Opieka czy walka

by FUNDACJA JZN
„O ruchu pro-life mówi się, że robi wszystko, aby się dziecko urodziło, lecz jak już się urodzi, to zostawia je samo. To bardzo poważny zarzut, ale nieprawdziwy” –  mówi Jakub Bałtroszewicz, Prezes Polskiej Federacji Ruchów Obrony Życia i Rodziny i Fundacji JEDEN Z NAS, w rozmowie z Małgorzatą Bilską na łamach „Przewodnika Katolickiego”.

W Irlandii Północnej z powodu trwającej już dwa lata niemożności sformowania rządu wchodzi w życie prawo dopuszczające aborcję. Przyczyną jest chaos polityczny czy może także nieskuteczność ruchu pro-life?
– Laburzyści w Londynie wykorzystali moment kryzysu politycznego spowodowanego niezdolnością do dogadania się dwóch partii, które zgodnie z porozumieniem wielkopiątkowym mają stworzyć rząd.
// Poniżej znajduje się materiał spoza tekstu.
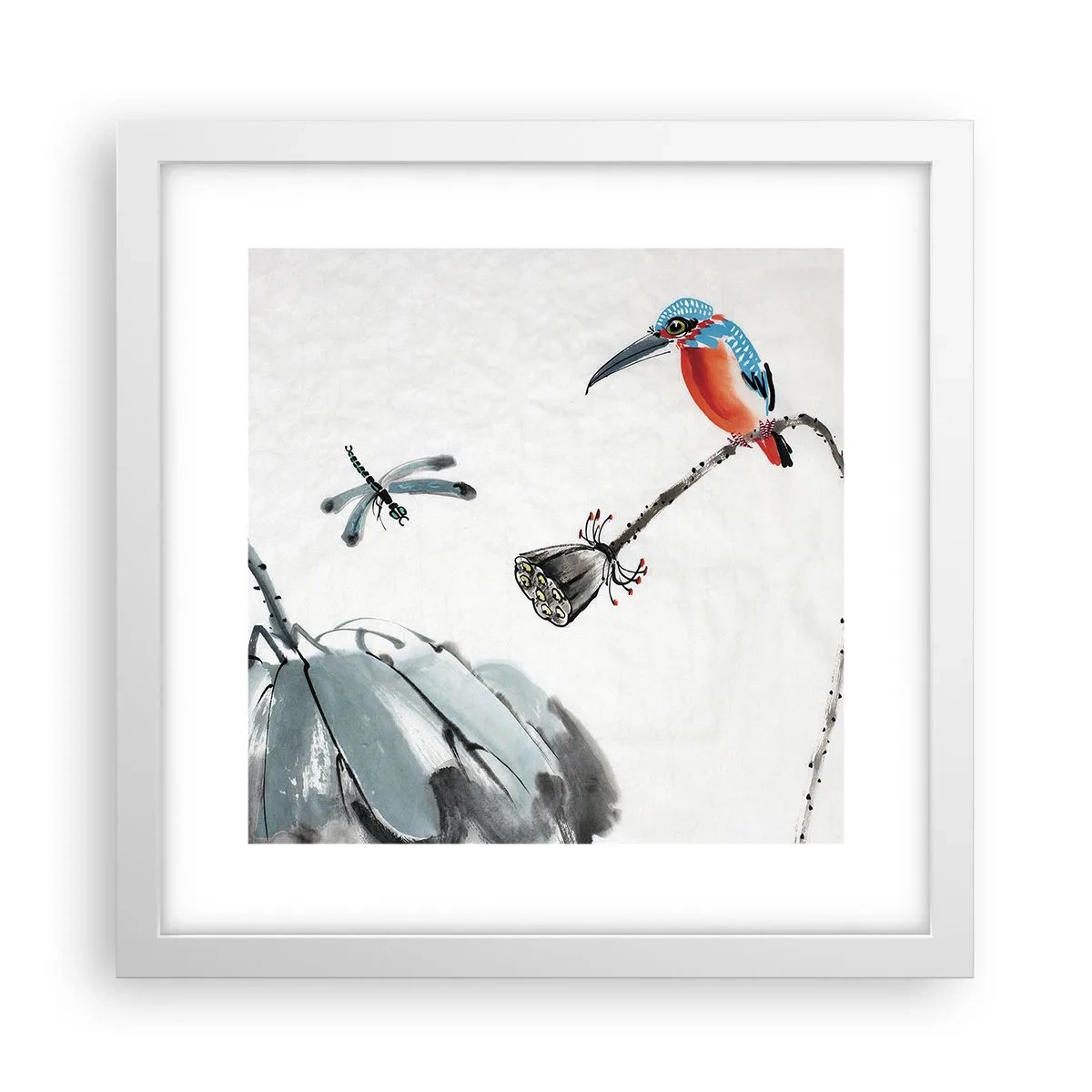 Poszter fekete keretben - A rét élete - 30x30 cm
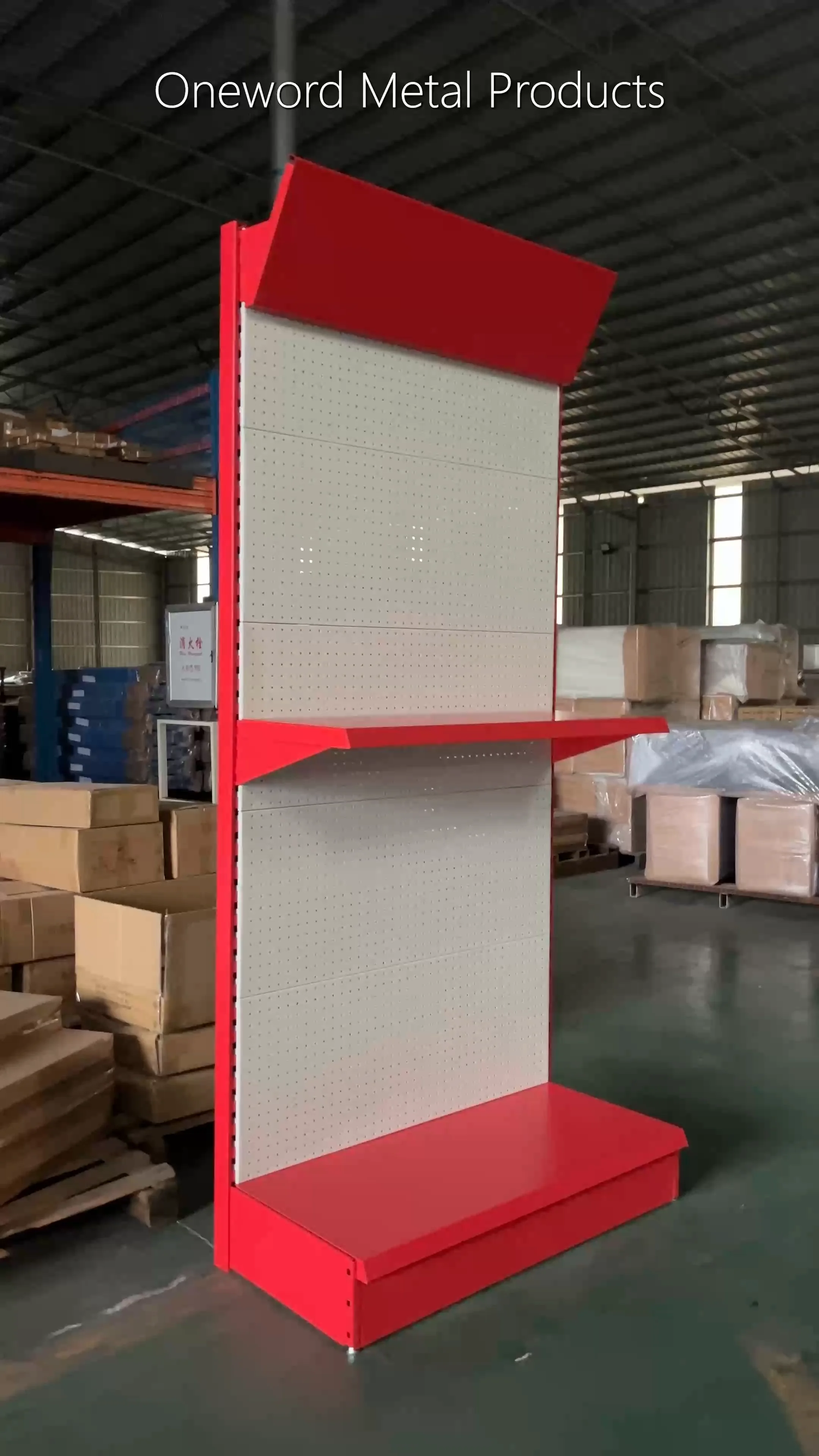 Metal Hanging Display Racks Peg Board Tools Storage Accessories Stand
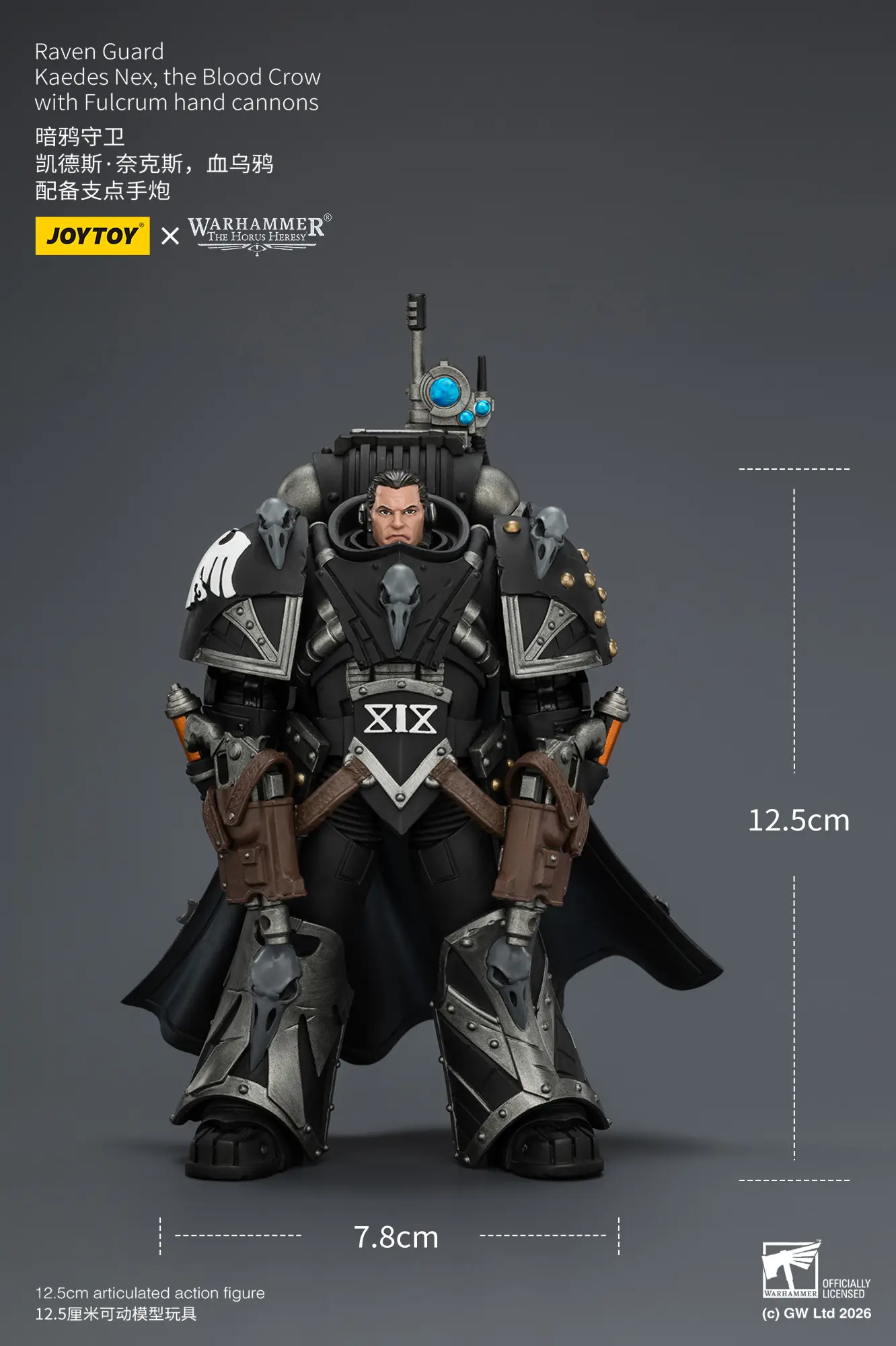 the size of Action Figure - Raven Guard Kaedes Nex, the Blood Crow with Fulcrum hand cannons 1 18 - JOTYOY Warhammer The Horus Heresy rectangle image The Size Of Action Figure Raven Guard Kaedes Nex, The Blood Crow With Fulcrum Hand Cannons 1 18 Jotyoy Warhammer The Horus Heresy Rectangle Image
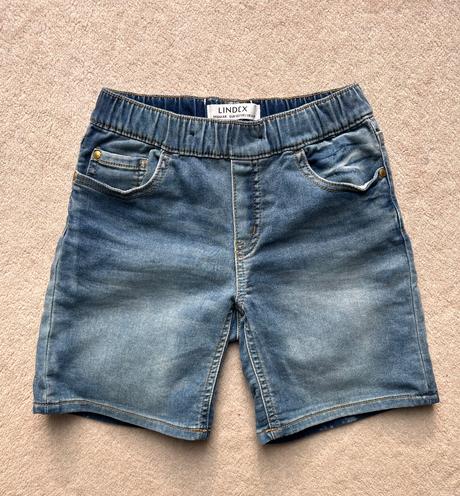 Kraťase s reguľ. pásom z elastickej rifľoviny, lindex,122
W jego kompetencje wszedł rząd w Londynie, narzucając prawo legalizujące aborcję. Kryzys pomógł lobby proaborcyjnemu zrealizować to, do czego dążyło od lat, a przed czym się Irlandia Północna broniła… To, co się tam stało, jest nauczką dla takich krajów jak Polska. W momencie słabości państwa ryzyko zliberalizowania ustawy istnieje i może być wprowadzone nawet wbrew woli społeczeństwa.

Do stycznia aborcja była zakazana w Republice Irlandii. Jednak społeczeństwo – katolickie wyraziło wolę zmian. W referendum w maju 2018 r. ponad 66 proc. Irlandczyków wybrało liberalizację ustawy.
– Przypomnę, że w latach 80. nawet rozwody były w tym kraju nielegalne. Dostrzegamy drastyczną zmianę społeczną, która zaszła w ciągu jednego pokolenia. Analizujemy, dlaczego tak się stało, i wydaje się, że jedną z przyczyn są mężczyźni. Fundację JEDEN Z NAS założyło pięciu chłopaków, którzy m.in. aborcję wiązali z problemem kryzysu męskości. Zbyt często w kontekście aborcji myśli się jedynie o „wyborze” kobiety, a zapomina się, że – mówiąc żartobliwie – Niepokalane Poczęcie było jedno. Gdzie jest mężczyzna, kiedy ona decyduje się na aborcję? Powinien wziąć odpowiedzialność, chronić i zapewnić opiekę życiu, które w niej, za jego sprawą, powstało i rośnie. Kobieta (zawsze są oczywiście wyjątki) pozostawiona sama sobie decyduje się na dramatyczny krok, którego być może by nie zrobiła, gdyby mężczyzna, ojciec, w pewnym momencie powiedział: nie martw się, jestem z Tobą, kocham Cię, może nie jesteśmy gotowi, ale damy radę. Jesteśmy w tym razem…

Zakazy skierowane do kobiet, potępiająca retoryka, są nieskuteczne?
– Jestem przekonany, że o ochronie życia należy mówić w sposób pozytywny, afirmujący. By to lepiej zrozumieć, trzeba iść do kina na film Nieplanowane, który 1 listopada wchodzi w Polsce na ekrany. Tymczasem w ruchu pro-life jest pewna dychotomia.

To znaczy?
– Są organizacje budujące przekaz na archetypie wojownika i są takie, które budują na archetypie opiekuna. My chcemy tworzyć ruch oparty na archetypie męskiego opiekuna. Kobieta rozważająca aborcję może przyjść do nas, aby porozmawiać – bez obawy o to, że zostanie napiętnowana. To robimy w działającej od trzech lat w Krakowie Poradni Bioetycznej, gdzie w ostatnim roku udzieliliśmy około czterech tysięcy porad. Wierzymy, że takie podejście sprawi, iż aborcja stanie się po prostu nie do pomyślenia. O ruchu pro-life mówi się, że robi wszystko, aby się dziecko urodziło, lecz jak już się urodzi, to zostawia je samo. To bardzo poważny zarzut, ale nieprawdziwy. Ruch opiekuńczy zrzesza wiele organizacji tworzących domy samotnych matek, hospicja perinatalne. Ludzie rozdają tysiące wyprawek i pieluch, towarzyszą i wspierają rodziny dzieci chorych, niepełnosprawnych czy ubogich. Dostrzeżmy działania, które budują autentyczną cywilizację życia, a nie tylko te, które generują podziały.